Primary Elections: May 22nd, 2018

Runoff: July 24th, 2018

General Elections: November 6th, 2018

After eight years, Republican Governor Nathan Deal will leave office due to term limits. Deal was elected to the House of Representatives as a Democrat in 1992, before switching to the Republican party in 1995. His change reflects the Peach State’s 20-year shift from Democratic to Republican control. Since 2005, the Republicans have held the offices of Governor, Attorney General, and Secretary of State. Yet in recent years, the pendulum has begun to swing back towards Democrats as Georgia’s demographic favors liberals, indicated by the Democrats’ strong performance during a 2017 special election to replace the congressional seat vacated by Republican Tom Price.

Two state legislators, Stacey Abrams and Stacey Evans, have entered the race for the Democratic nomination.
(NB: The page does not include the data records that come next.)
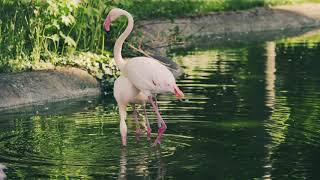 Flamingo Bird || राजहंस पक्षी  || Flamingos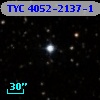 TYC 4052-2137-1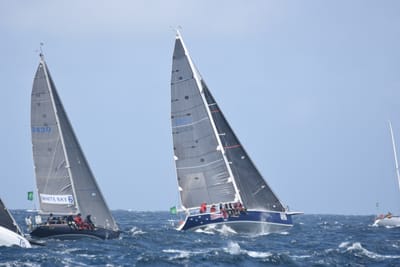DSC_3400.JPG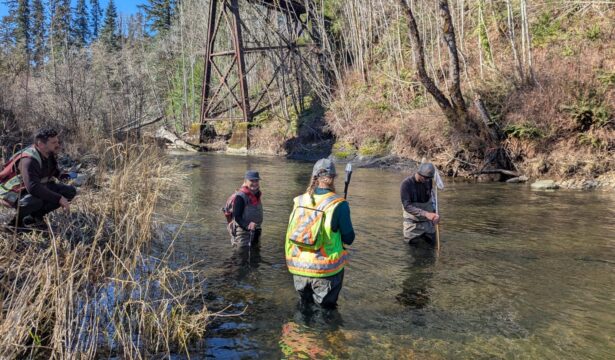 Funding Success!  A Spotlight Shines on Annie Creek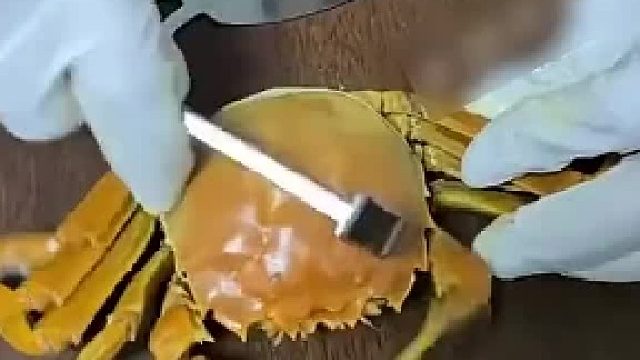 网友晒出吃螃蟹神器,螃蟹轻松被“肢解”,网友：有这个能吃一锅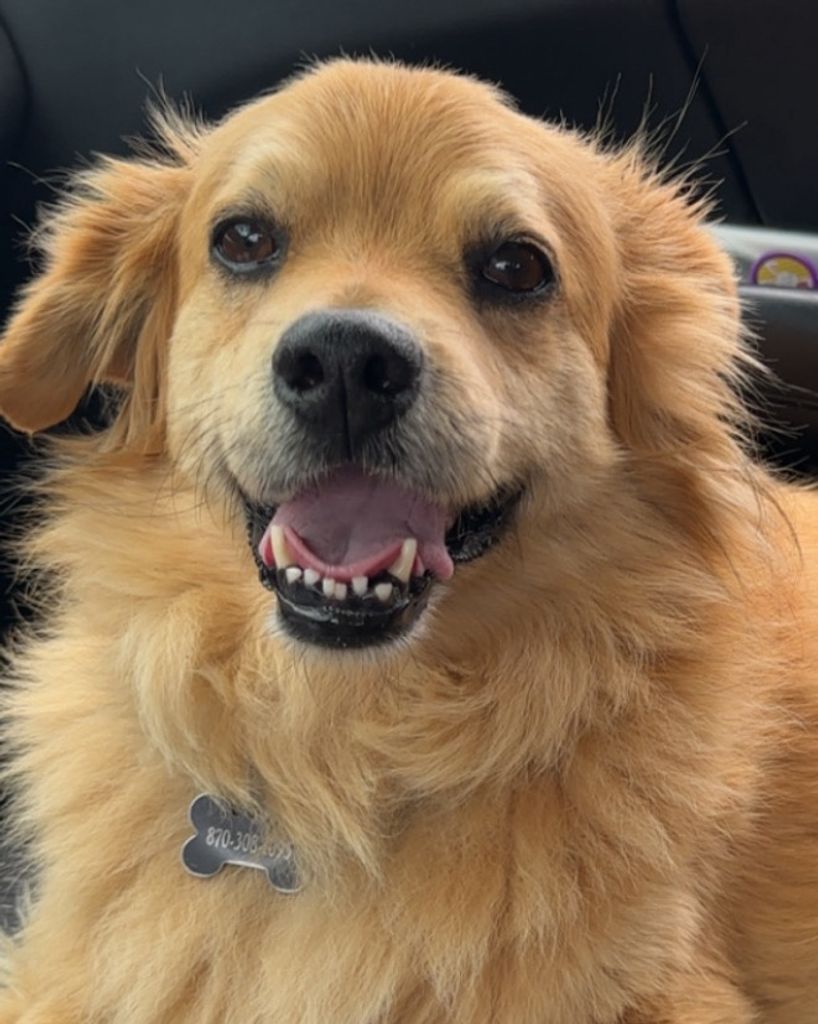 Harvey Harris Profile Photo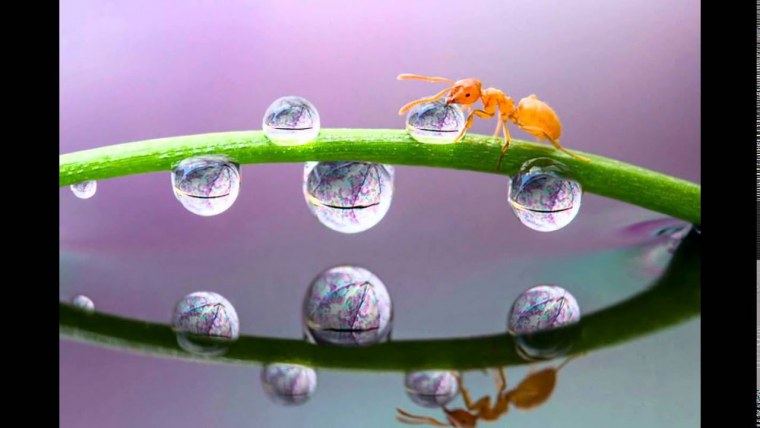 Макро позитив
Both women have legal backgrounds with similar liberal policy prescriptions, but appeal to two different electorates. Stacey Evans has represented a suburban Atlanta district in the State House since 2011. She’s championed education initiatives like the state’s HOPE Scholarship program, which offers education opportunities to high school graduates with low income. Evans hopes to expand the program while making college more affordable for students. As a white woman, she’s recounted her struggles growing up in poverty in rural Georgia before earning a HOPE scholarship. Evans’ campaign aims to attract rural and suburban Democrats, while state donors and endorsements have fueled her campaign.

Stacey Abrams is an African-American woman who led Democrats in the Georgia House where she served from 2007 to 2017. A Spelman graduate with a law degree from Yale, Abrams was a romance novelist and a Deputy City Attorney for Atlanta at age 29. Her platform advocates for improved access to childhood education and healthcare, while increasing the state’s minimum wage. So far, Abrams has attracted a big endorsement from Rep. John Lewis, as well as a host of national liberal groups, including MoveOn, Democracy for America, and the Working Families Party. Abrams will likely aim to expand the urban electorate in Georgia, where more than 1 million black voters did not cast ballots in the 2014 gubernatorial race.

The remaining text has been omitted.